▸ **Problem to work on**:
Look for the word "Court" in the data below, and copy every line that holds it.

(Recorded data begins)

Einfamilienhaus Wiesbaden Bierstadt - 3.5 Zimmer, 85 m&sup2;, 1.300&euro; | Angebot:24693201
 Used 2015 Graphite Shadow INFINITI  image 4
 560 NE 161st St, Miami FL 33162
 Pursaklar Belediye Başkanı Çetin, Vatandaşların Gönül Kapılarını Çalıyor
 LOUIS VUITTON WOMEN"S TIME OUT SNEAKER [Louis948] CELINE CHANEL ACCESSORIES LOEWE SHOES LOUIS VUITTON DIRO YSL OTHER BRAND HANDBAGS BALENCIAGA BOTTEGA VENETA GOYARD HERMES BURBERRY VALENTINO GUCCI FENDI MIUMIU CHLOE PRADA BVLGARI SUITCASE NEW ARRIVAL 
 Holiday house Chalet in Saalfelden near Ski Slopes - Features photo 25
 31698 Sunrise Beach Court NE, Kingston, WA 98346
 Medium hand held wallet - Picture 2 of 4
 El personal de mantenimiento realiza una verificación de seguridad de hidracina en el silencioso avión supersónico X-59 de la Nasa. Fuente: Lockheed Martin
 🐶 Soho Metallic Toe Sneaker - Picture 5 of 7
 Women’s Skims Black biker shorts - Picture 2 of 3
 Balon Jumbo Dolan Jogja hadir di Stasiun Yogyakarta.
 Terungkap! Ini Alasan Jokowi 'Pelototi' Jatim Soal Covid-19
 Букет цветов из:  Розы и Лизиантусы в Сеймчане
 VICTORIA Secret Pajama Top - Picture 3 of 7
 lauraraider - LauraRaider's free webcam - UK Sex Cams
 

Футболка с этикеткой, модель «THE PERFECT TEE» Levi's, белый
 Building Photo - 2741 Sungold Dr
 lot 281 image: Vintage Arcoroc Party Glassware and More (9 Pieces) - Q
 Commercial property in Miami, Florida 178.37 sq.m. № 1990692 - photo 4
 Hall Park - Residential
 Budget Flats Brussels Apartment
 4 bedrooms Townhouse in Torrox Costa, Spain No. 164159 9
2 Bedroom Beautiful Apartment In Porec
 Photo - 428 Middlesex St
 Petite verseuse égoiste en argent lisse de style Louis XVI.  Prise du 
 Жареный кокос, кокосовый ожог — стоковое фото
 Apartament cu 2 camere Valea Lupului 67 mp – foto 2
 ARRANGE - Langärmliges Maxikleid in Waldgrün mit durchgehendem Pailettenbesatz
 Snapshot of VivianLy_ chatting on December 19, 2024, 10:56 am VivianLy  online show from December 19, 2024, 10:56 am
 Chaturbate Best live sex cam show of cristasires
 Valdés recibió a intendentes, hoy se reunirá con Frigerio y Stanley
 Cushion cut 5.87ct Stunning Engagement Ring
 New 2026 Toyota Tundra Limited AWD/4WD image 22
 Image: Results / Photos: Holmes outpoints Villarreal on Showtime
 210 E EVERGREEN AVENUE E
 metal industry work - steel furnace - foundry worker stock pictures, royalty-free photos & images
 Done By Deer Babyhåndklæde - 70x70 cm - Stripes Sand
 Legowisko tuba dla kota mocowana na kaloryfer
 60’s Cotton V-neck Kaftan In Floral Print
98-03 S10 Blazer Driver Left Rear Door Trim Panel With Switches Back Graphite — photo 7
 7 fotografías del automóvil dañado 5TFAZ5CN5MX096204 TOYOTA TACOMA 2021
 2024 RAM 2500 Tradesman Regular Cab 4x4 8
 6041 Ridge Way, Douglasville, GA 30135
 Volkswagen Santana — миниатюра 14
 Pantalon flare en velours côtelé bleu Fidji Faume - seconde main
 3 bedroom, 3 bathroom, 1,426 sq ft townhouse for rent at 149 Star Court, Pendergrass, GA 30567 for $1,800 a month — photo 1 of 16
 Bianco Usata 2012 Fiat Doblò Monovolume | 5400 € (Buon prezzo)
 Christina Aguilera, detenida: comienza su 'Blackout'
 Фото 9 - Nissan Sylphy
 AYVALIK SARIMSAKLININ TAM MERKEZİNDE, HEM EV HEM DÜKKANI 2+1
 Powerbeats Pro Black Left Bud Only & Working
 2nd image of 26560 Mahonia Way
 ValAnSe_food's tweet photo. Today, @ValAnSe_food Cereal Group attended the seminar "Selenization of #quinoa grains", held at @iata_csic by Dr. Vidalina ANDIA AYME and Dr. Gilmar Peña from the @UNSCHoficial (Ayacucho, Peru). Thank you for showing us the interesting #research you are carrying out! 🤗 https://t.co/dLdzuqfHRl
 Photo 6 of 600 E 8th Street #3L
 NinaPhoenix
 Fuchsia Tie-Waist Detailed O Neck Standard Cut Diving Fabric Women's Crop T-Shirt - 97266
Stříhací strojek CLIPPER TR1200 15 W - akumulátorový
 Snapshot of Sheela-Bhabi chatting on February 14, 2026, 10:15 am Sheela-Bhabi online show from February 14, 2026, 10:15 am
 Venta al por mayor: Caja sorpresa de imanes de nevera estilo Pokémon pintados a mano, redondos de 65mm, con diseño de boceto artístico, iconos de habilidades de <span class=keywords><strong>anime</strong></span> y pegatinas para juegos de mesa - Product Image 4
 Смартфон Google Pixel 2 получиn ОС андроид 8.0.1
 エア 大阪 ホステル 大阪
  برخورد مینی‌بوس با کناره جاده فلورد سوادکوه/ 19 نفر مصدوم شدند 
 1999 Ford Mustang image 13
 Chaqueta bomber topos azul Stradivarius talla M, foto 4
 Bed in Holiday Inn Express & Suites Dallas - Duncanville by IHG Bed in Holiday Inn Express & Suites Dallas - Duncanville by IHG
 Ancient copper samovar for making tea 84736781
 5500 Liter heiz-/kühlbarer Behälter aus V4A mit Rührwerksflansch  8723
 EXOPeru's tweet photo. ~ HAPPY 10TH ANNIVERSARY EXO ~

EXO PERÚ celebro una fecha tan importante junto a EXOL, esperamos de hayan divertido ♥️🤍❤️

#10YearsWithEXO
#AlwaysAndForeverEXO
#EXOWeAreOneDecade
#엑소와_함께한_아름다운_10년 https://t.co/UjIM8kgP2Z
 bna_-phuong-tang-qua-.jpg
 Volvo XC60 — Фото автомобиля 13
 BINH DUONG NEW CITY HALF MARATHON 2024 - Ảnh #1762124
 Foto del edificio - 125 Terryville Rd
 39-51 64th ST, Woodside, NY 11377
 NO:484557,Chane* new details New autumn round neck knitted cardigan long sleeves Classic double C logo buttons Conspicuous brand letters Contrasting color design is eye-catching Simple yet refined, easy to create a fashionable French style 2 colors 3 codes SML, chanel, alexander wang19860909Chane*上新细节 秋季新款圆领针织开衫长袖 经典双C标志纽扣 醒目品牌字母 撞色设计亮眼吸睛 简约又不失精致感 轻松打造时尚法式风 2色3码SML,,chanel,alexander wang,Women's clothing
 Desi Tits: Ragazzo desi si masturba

(Recorded data ends)

▸ **Task result**:
 31698 Sunrise Beach Court NE, Kingston, WA 98346
 3 bedroom, 3 bathroom, 1,426 sq ft townhouse for rent at 149 Star Court, Pendergrass, GA 30567 for $1,800 a month — photo 1 of 16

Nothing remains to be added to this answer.